▶ **SUPPLIED DATA**:
:::

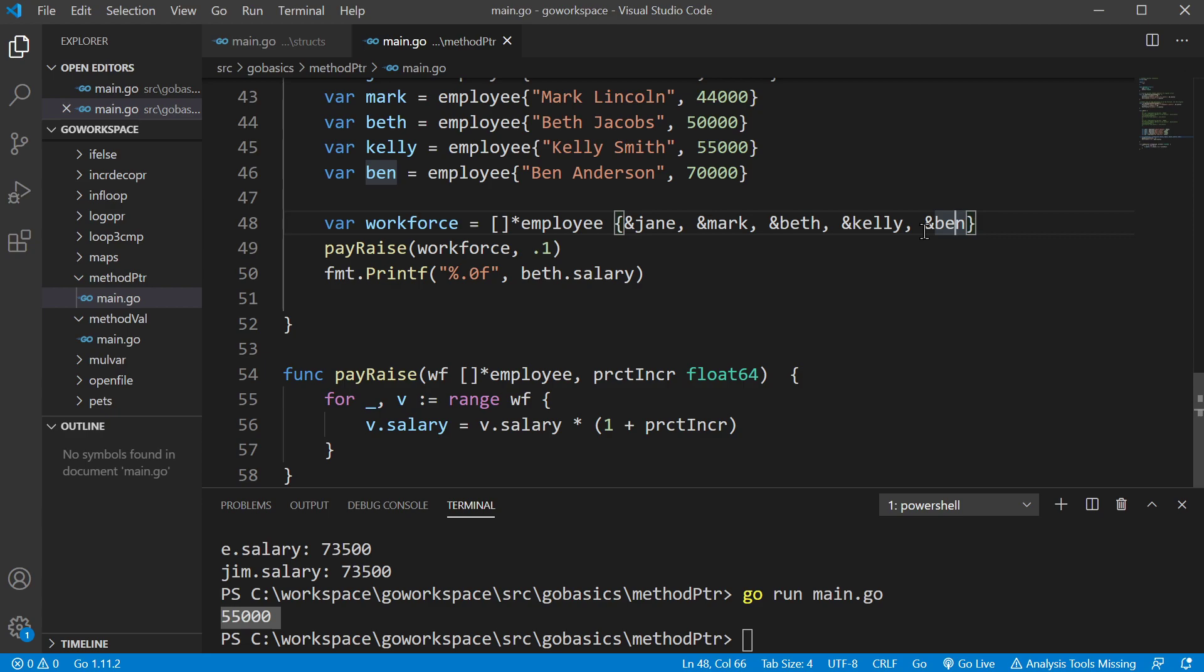So again, just ask yourself, do I want to change the original struct or do I want to leave it alone? If you do use a pointer, if you don't just use a regular variable. All right. I hope that was helpful and I'll see you in the next one.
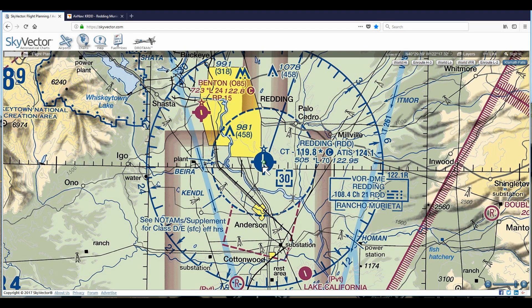What we need here are our radio frequencies, and we can get them right here. Reading RDD: we have 119.8 — this is the tower, so write that frequency down. We also need the ATIS: 124.1 — very important. We also need the Reading VOR, because that's how we're going to get there: 108.4. So we have these three frequencies written down and we're ready to go.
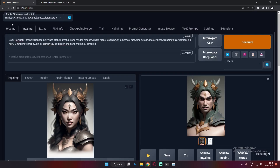ControlNet extension is definitely one of the game-changing extensions — you need to go and download it. That's it for today with the Canny model. I'll be covering another ControlNet model in the next video. If I'm missing something, let me know in the comments. Have a good day — bye!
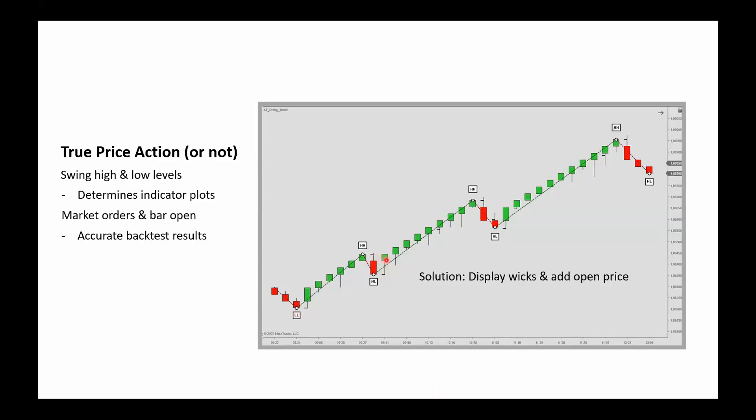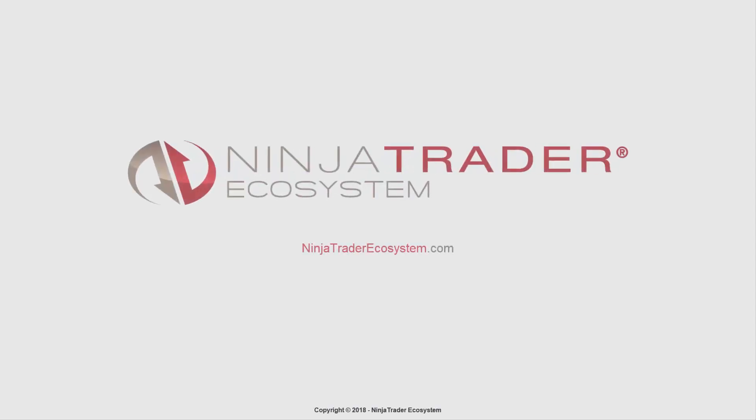You would maybe think that the open is up here for this reversal bar, but it's actually down here. Same for this one. We also note here that the high-low levels are outside the regular Renko brick for some of the bars.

:::

▶ **PROBLEM DESCRIPTION**:
For the data above, return an exact copy that contains no pictures.

▶ **WRITTEN RESPONSE**:
So again, just ask yourself, do I want to change the original struct or do I want to leave it alone? If you do use a pointer, if you don't just use a regular variable. All right. I hope that was helpful and I'll see you in the next one.
What we need here are our radio frequencies, and we can get them right here. Reading RDD: we have 119.8 — this is the tower, so write that frequency down. We also need the ATIS: 124.1 — very important. We also need the Reading VOR, because that's how we're going to get there: 108.4. So we have these three frequencies written down and we're ready to go.
ControlNet extension is definitely one of the game-changing extensions — you need to go and download it. That's it for today with the Canny model. I'll be covering another ControlNet model in the next video. If I'm missing something, let me know in the comments. Have a good day — bye!
You would maybe think that the open is up here for this reversal bar, but it's actually down here. Same for this one. We also note here that the high-low levels are outside the regular Renko brick for some of the bars.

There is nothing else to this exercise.